## DATASET
________________
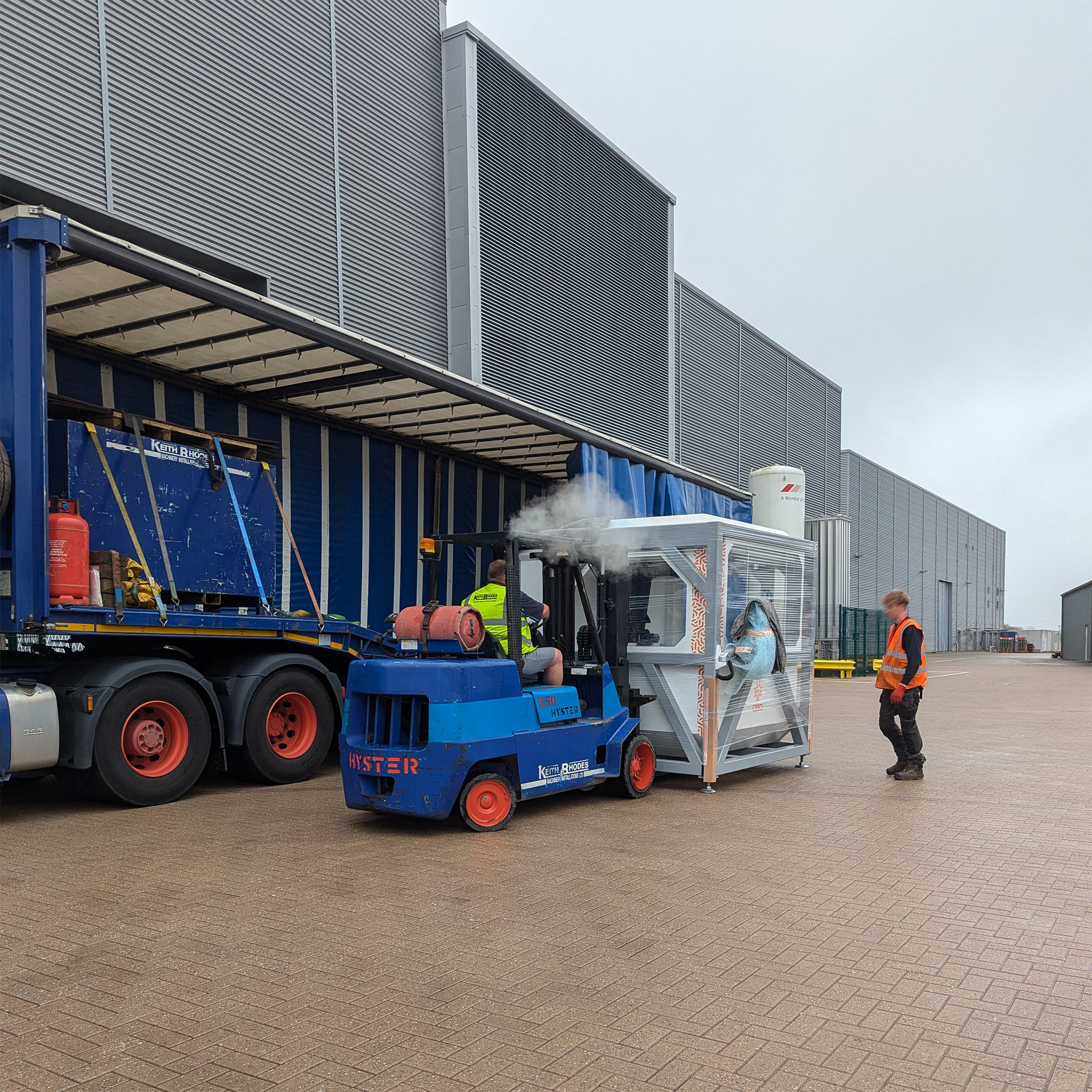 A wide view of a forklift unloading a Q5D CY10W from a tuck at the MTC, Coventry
________________
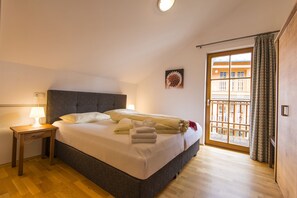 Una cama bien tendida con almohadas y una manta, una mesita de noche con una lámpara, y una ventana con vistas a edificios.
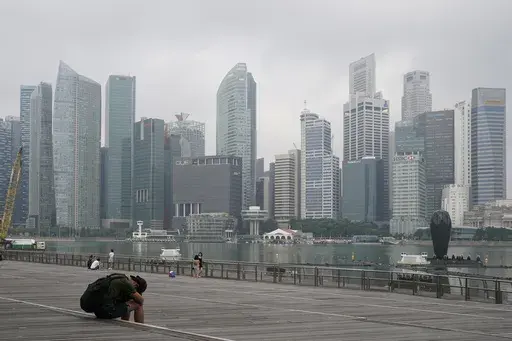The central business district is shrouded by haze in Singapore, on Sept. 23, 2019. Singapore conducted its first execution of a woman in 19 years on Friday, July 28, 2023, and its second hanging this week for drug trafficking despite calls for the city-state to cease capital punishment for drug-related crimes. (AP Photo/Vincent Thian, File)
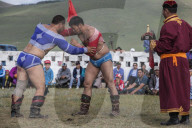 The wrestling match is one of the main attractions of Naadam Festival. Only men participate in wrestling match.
________________
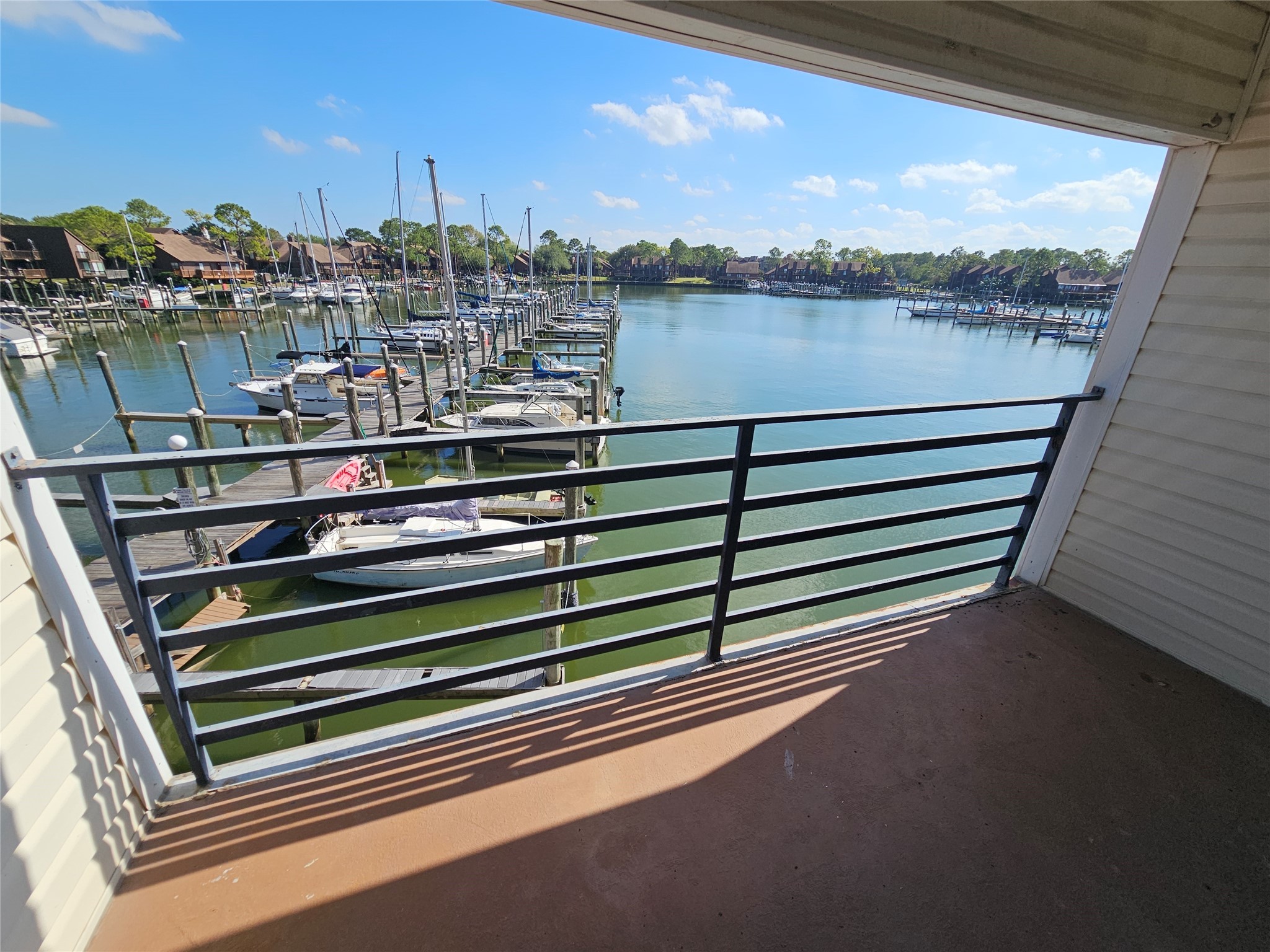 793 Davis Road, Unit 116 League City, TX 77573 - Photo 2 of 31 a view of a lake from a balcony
________________
## ABOUT THIS TASK
Could you repeat, exactly, only the lines above starting at the one that has "The central business" and stopping after the one that has "The wrestling match", without the pictures?

## RESPONSE FOR THIS EXERCISE
The central business district is shrouded by haze in Singapore, on Sept. 23, 2019. Singapore conducted its first execution of a woman in 19 years on Friday, July 28, 2023, and its second hanging this week for drug trafficking despite calls for the city-state to cease capital punishment for drug-related crimes. (AP Photo/Vincent Thian, File)
 The wrestling match is one of the main attractions of Naadam Festival. Only men participate in wrestling match.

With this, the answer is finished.